*TASK GOAL*.
Copy down every line of the data that follows exactly. Omit the pictures.
(MATERIAL PROVIDED Opens)
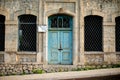 Old stone building with a blue wooden door in Karabagh Royalty Free Stock Photo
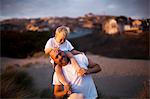 Man giving his son a shoulder ride on the beach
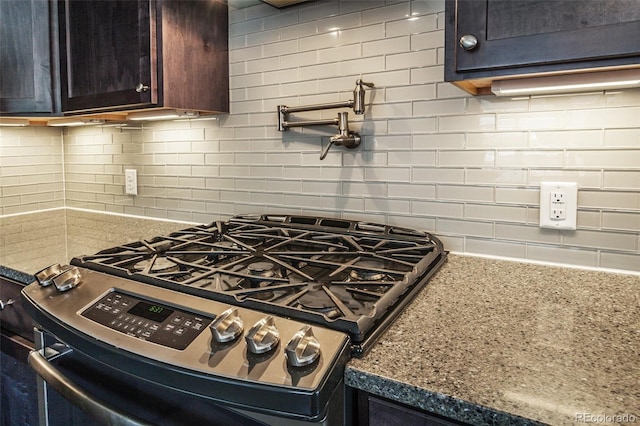 kitchen featuring decorative backsplash and stainless steel gas stove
(MATERIAL PROVIDED Closes)
*RESPONSE TO THIS TASK*.
 Old stone building with a blue wooden door in Karabagh Royalty Free Stock Photo
 Man giving his son a shoulder ride on the beach
 kitchen featuring decorative backsplash and stainless steel gas stove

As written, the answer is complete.